→ Exercise instructions: All lines from the one containing "Nike SB Dunk" to the end of the listing below should be output exactly; omit the pictures.

→ Dataset excerpt:
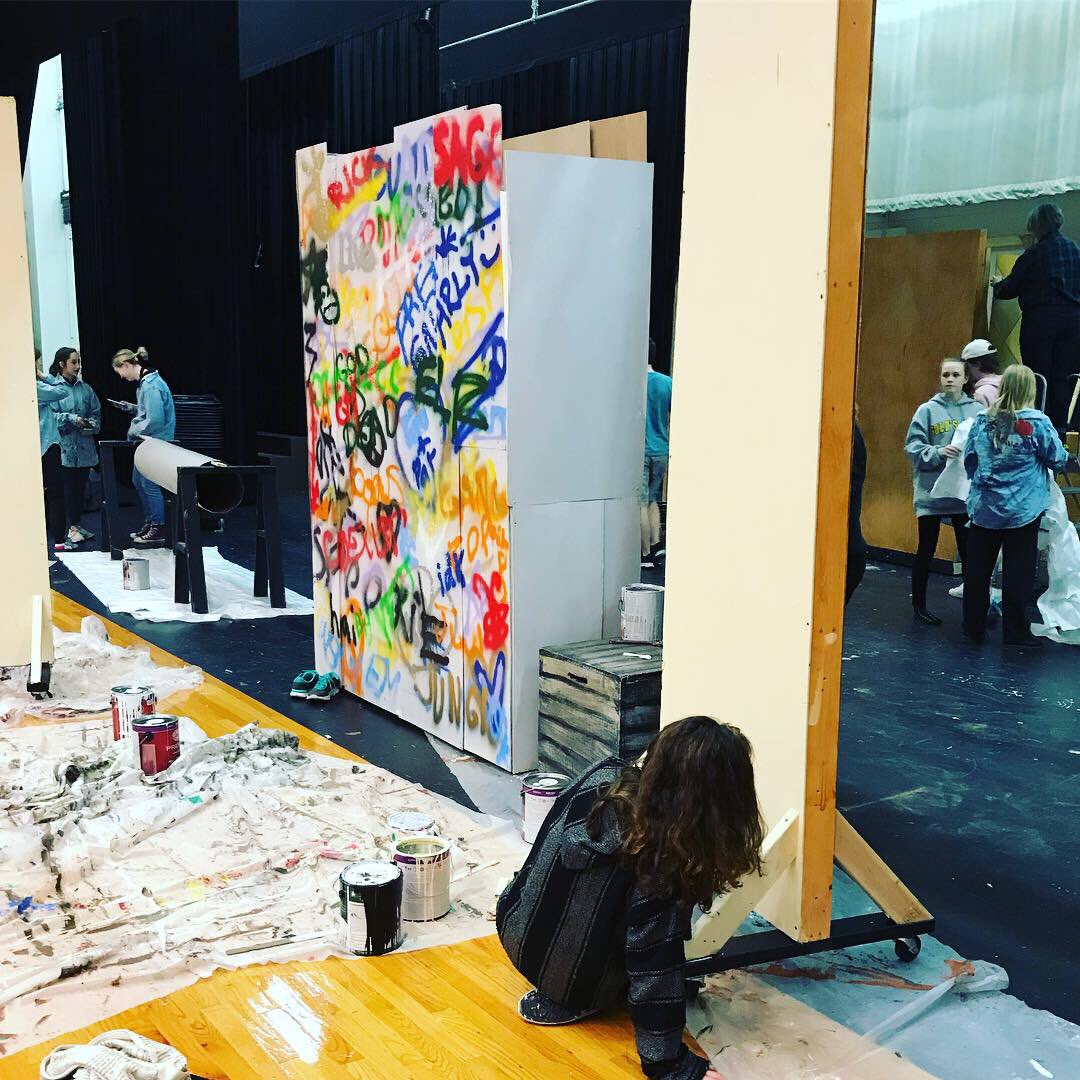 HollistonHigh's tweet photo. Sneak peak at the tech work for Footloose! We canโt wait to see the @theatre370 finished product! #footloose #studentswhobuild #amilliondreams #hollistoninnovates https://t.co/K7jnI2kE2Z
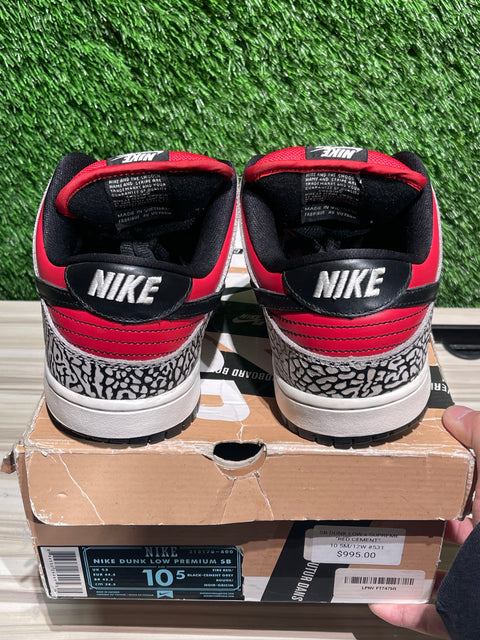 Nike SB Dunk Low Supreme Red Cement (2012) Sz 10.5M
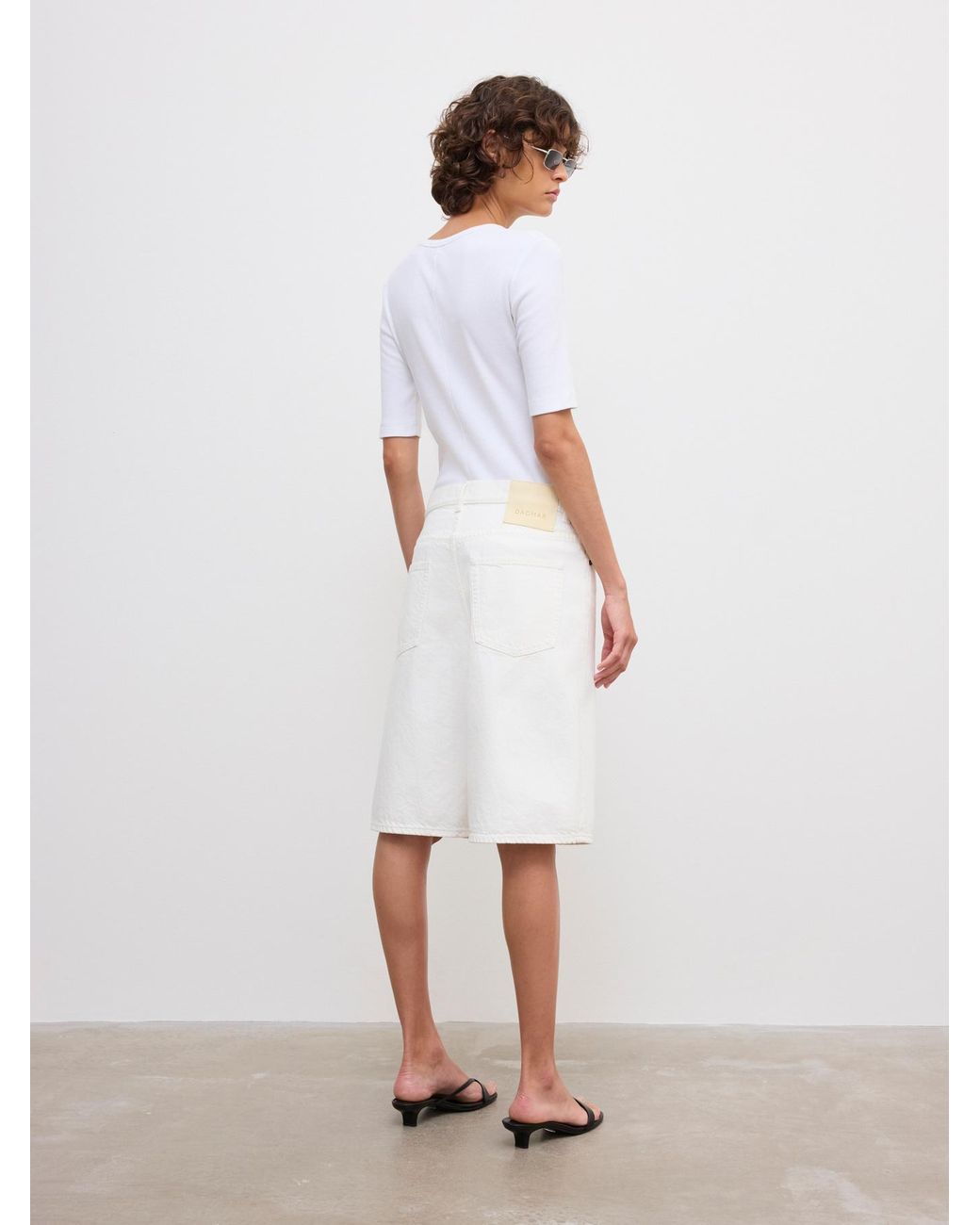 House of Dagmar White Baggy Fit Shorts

→ Solution for this task:
 Nike SB Dunk Low Supreme Red Cement (2012) Sz 10.5M
 House of Dagmar White Baggy Fit Shorts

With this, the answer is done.